Zellforscherin Dr. Monika Röntgen über den Stand der Forschung an kultiviertem Fleisch

Welche Vorteile hätte es, wenn wir Fleisch ohne Tiere züchten könnten?

Wir hätten viele Probleme nicht mehr, die die konventionelle Fleischproduktion mit sich bringt: ethische, gesundheitliche, umweltbedingte. Klima und Umwelt werden durch die Fleischproduktion zurzeit stark belastet. So wird ein großer Teil des Landes für die Tierfuttererzeugung genutzt, Böden werden ausgelaugt und Wasser verschmutzt. Und: Nur rund 50 Prozent eines Rinderschlachtkörpers sind überhaupt essbar.

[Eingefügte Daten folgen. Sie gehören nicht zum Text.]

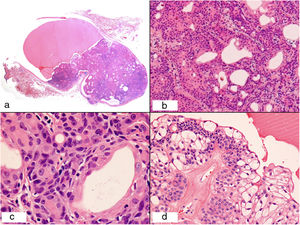 Hematoxylin-eosin: a) ×1; b) ×10; c) ×40; d) ×20.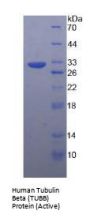 Human Tubulin Beta (TUBB) Protein (Active)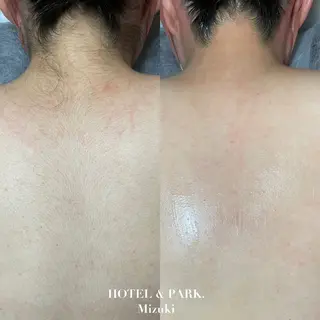 HOTEL&PARK . ワックス脱毛のエステ・リラクイメージ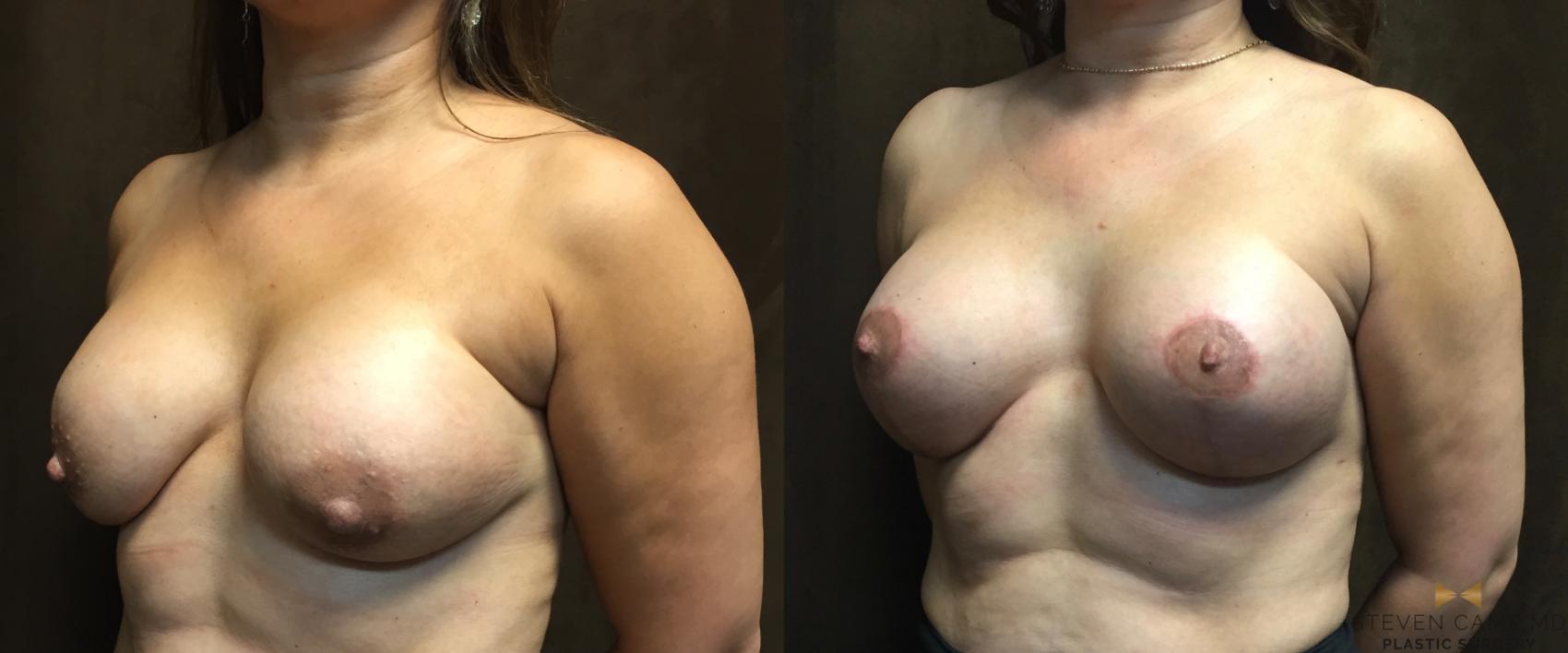 Before & After Breast Implant Explantation Case 77 View #4 View in Fort Worth & Arlington, Texas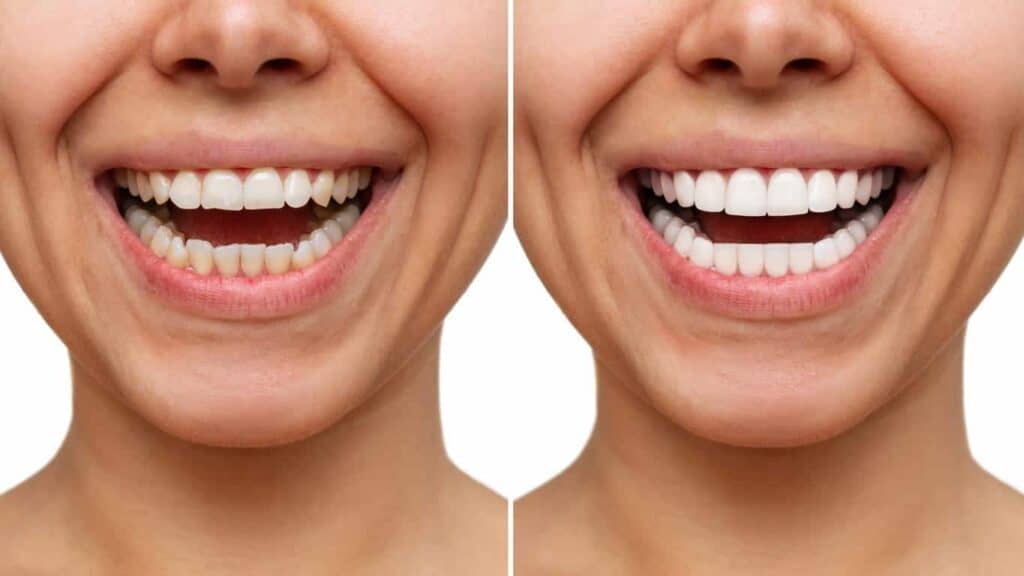 Instant results whitening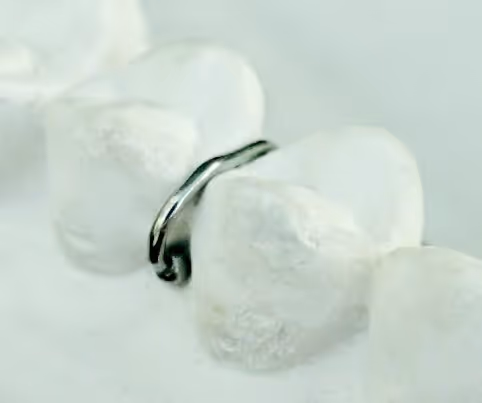 Ball clasp for reliable orthodontic appliance attachment - H32 Dental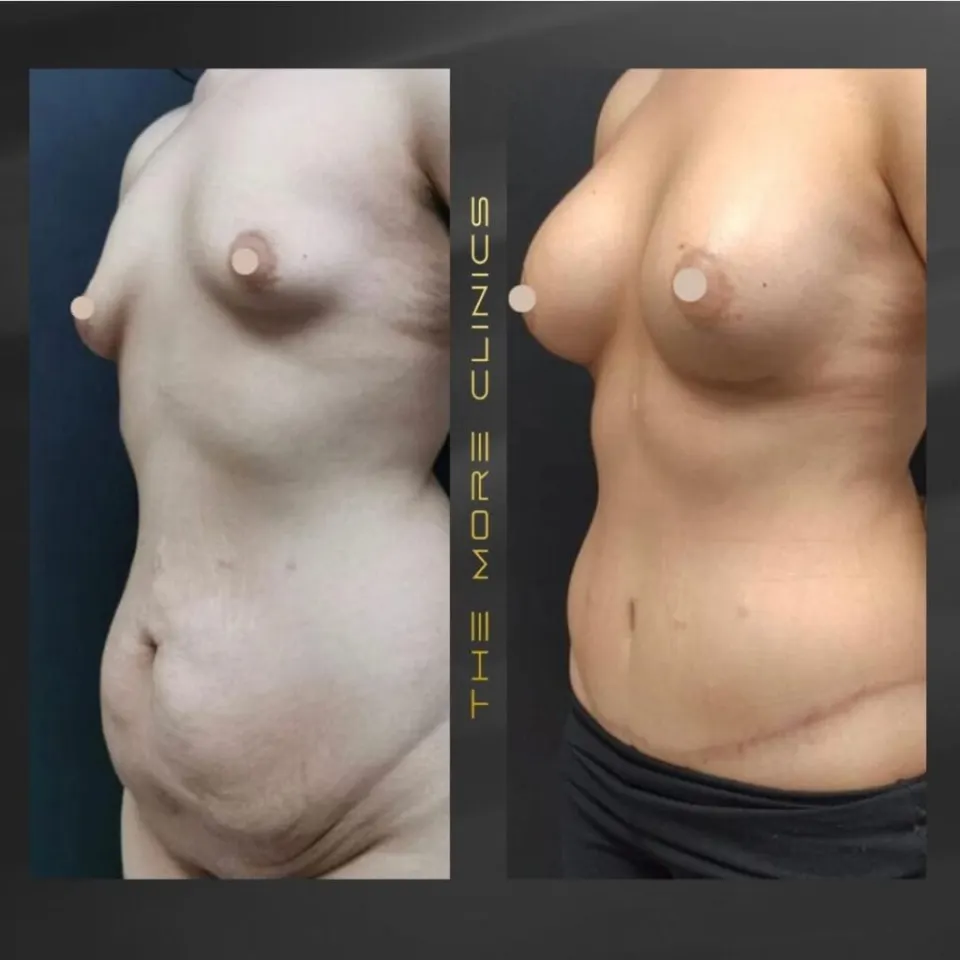 a full or mini tummy tuck before after result is right for you?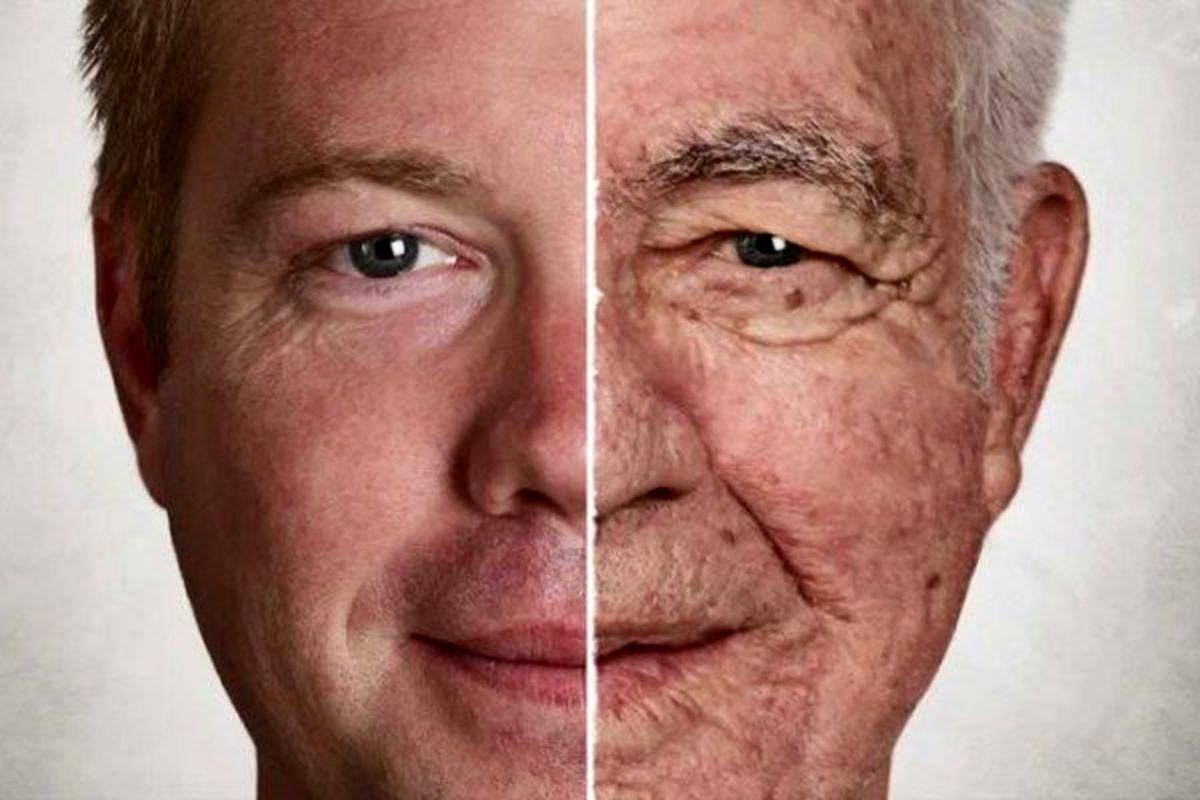 مقصر واقعی پیری صورت مشخص شد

„Die Menschen wollen vor allem Steak, Schnitzel oder Brust essen. Wir müssen uns deshalb fragen: Warum überhaupt züchten wir alles andere mit?“

Die Hälfte wird weggeworfen?

Ja und dazu kommt unser Essverhalten. Die Menschen wollen vor allem Steak, Schnitzel oder Brust essen. Wir müssen uns deshalb fragen: Warum überhaupt züchten wir alles andere mit? Wenn wir auch auf zellbasierte Landwirtschaft setzen, können wir Fleisch gezielter produzieren und Gesundheitsaspekte berücksichtigen. Auch die Effizienz der Proteinumwandlung ist bei kultiviertem Fleisch doppelt so hoch wie bei tierischer Produktion und beträgt zum Beispiel für Rindfleisch 24 anstelle von 12 Prozent. Das ist auch vor dem Hintergrund interessant, dass die Weltbevölkerung bis zum Jahr 2050 auf zehn Milliarden Menschen wachsen soll.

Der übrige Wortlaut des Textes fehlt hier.